1.  How is mental health linked to economic success and failure?

One’s ability to be stable economically may be closely related to one’s personality and/or other mental health issues. First here is the issue of getting on a career path, and next is the issue of how one spends and invests their income.

While some persons make a reasonable living no matter what path they study or train for, persons who have a plan and obtain some kind of recognized credential tend to be more stable and thrive better than those that do not. Persistence, drive, and focus are important qualities here. In addition, while it is favorable to be affable and friendly no matter what occupation one is in, some occupations are more dependent on one’s charisma in terms of their ability to exude trust, likeability, and collect a set of followers.

Regarding saving and spending, planning and organization is a crucial quality for success. Persons who spend out of their means and/or wish to have a lifestyle that is out of their income level without thinking of the consequences will naturally have financial trouble.

For investing, it is always more adaptive to live within one’s means and invest with minimal risk. Investing companies will recommend to take some risk with a proportion of one’s assets. This may be more of a function of an investing company’s desire to make commission from the turnover of brokering stocks than the success of the investor. Small amounts of assets invested in higher risk stocks might be ok, but one would need to assume the monies invested in this fashion may likely be lost or risk the possibility of considerable mental stress related to loss. Persons who feel they must “get rich” from investing are at high risk for loss and the mental anguish associated with loss.

2.  What can investors do to safeguard their mental health during a trying economic time?

This is really a function of what persons have done with their careers and finances before the trying economic time comes around. The more flexibility persons have in the work they can do, the more economic redundancies a family has, i.e., both partners in a marriage have jobs that are less vulnerable to economic downturns, the more they have some stable income from safe investments, and the less they have over extended themselves in loans and purchases, the less chance of having unstable mental states.

3.  Do you recommend regular vacations or digital holidays to recharge the mental battery and decompress?

Yes, both of these are good ideas.

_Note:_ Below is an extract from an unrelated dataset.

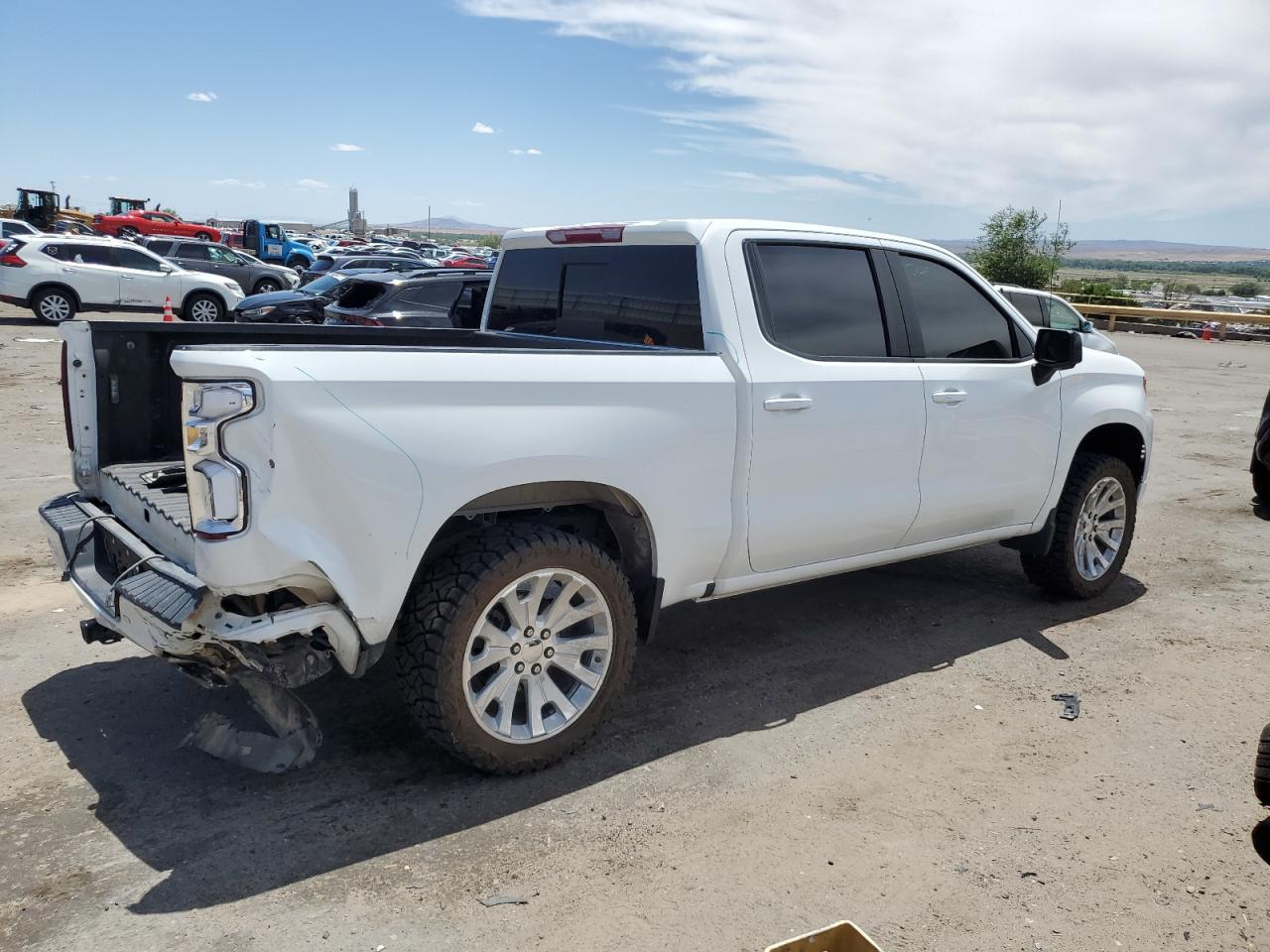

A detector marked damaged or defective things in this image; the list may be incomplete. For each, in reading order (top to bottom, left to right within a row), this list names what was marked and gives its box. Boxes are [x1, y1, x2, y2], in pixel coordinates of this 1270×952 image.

damaged rear bumper [40, 500, 365, 685]
detached tire on ground [396, 523, 635, 776]
detached tire on ground [1021, 451, 1143, 596]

Weekend trips and taking at least a few days every few months to be in a new environment and see new things is very important to stay excited about life. Knowing when to get away and turn off your PC or phone is a good thing.

If you can’t turn off your phone regularly, then having an old mobile phone just for calls is one way to avoid the kind of “phone addiction” we see in so many people recently. Of course the digital age comes with many conveniences and efficiencies, however, looking at a small screen (or any lit-up screen) for hours is a strain on one’s eyes, and time spent reading content or seeing videos with minimal intrinsic value can keep people from normal social interaction or using their mind in more valuable stimulating ways.

4. After the stock market crash in the 30s, there were lots of mental health issues. Similarly in 2008, after the financial crisis, there was a rise in suicides.  Why are we not getting better at separating our emotions from the economy?

This is an interesting question. Unfortunately, I don’t think so. People are still hooked on making quick and easy income and tend to focus on the stories that they hear about big winners. In this sense, the stock market is similar to a gambling casino in giving the promise of reward. If you look at a slot machine, there are usually images of lots of money or happy people, and investment groups usually put out graphs of increased earnings.

It is rare to see a slot machine or investment graph that emphasizes loss and grief. The average person is also not aware of the influence government, large investment banks, and other entities have on pumping up stock prices into a bubble that eventually leads to a fizzle-out, or worse, a bust. Humans evolved to get the next meal as soon as possible, not to look at nuanced and complicated things. The best thing we can do is educate the public, unfortunately, there are few entities willing to spend the resources for an education campaign. Perhaps the best way to do this is to make a lecture series on this topic mandatory for high school students.